While – as with so much tech – the promise of the IoT has not yet lived up to the reality (uhm, Apple AAPL +0.00%, will you ever release HomeKit in any meaningful way?), we increasingly live in a world of connected devices that “talk” and connect with each other at great scale and with little-to-no human (or institutional) intervention.

When I returned home from the panel, for instance, an app on my phone, using geo-fencing, notified my Nest thermostat to turn up the AC. When I walked in, I said, “Alexa, turn on the lights,” and my Amazon Echo device “talked” to my Hue lightbulbs, which illuminated my living room. I then said, “Alexa, play Paul Desmond,” and it “talked” to Pandora , and started streaming my Paul Desmond station.

In a sense, I was sending out requests – not only for music, but for lighting and temperature – and machines translated these requests into the requisite languages necessary for those machines set up to service these requests could understand.

This is really what the IoT is: requests from users being translated into a language that the machines providing the services can understand in order to fulfill the requests.
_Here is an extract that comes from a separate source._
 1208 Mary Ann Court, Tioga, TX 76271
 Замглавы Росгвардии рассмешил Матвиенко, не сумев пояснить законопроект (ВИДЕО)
Smart contracts between those creating music and those using music would work in a similar way.

(Of course, this is analogous to/the same thing as API calls, but I’ve found that using APIs as an example to explain smart contracts across the blockchain not to be effective.)

Certainly, this is not a perfect analogy, but it hopefully provide a basis of comparison between something people seem to understand (Internet of Things), and something people seem to be struggling to grasp (blockchain tech/smart contracts, and its applicability to the music industry).

Those listening to my panel – at least those who I hadn’t offended with my surliness – seemed to think so.